> **About this exercise**: For the entries below, count the lines that contain the word "Used" and reply with that number only.

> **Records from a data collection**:
########################################

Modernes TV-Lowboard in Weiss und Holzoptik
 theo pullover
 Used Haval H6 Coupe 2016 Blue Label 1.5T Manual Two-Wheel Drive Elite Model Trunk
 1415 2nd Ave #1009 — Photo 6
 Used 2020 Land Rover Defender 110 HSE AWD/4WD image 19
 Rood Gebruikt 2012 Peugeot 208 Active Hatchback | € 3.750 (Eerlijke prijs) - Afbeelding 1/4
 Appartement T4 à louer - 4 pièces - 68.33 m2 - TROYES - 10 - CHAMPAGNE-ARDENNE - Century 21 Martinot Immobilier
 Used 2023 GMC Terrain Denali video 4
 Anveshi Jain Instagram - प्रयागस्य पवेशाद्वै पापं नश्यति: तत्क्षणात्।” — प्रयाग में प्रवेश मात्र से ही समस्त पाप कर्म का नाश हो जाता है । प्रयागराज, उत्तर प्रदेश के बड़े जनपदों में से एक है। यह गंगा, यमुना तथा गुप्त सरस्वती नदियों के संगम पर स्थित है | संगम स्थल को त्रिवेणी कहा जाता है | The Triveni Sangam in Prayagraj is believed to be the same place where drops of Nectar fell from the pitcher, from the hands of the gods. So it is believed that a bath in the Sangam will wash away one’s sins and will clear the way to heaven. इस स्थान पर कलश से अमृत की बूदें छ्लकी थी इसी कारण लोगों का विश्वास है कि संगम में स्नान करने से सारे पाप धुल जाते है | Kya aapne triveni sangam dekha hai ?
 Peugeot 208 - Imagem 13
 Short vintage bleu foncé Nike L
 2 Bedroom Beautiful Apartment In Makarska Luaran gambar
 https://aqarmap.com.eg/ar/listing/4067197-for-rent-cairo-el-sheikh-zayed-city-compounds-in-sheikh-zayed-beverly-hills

########################################

> **Answer**: 3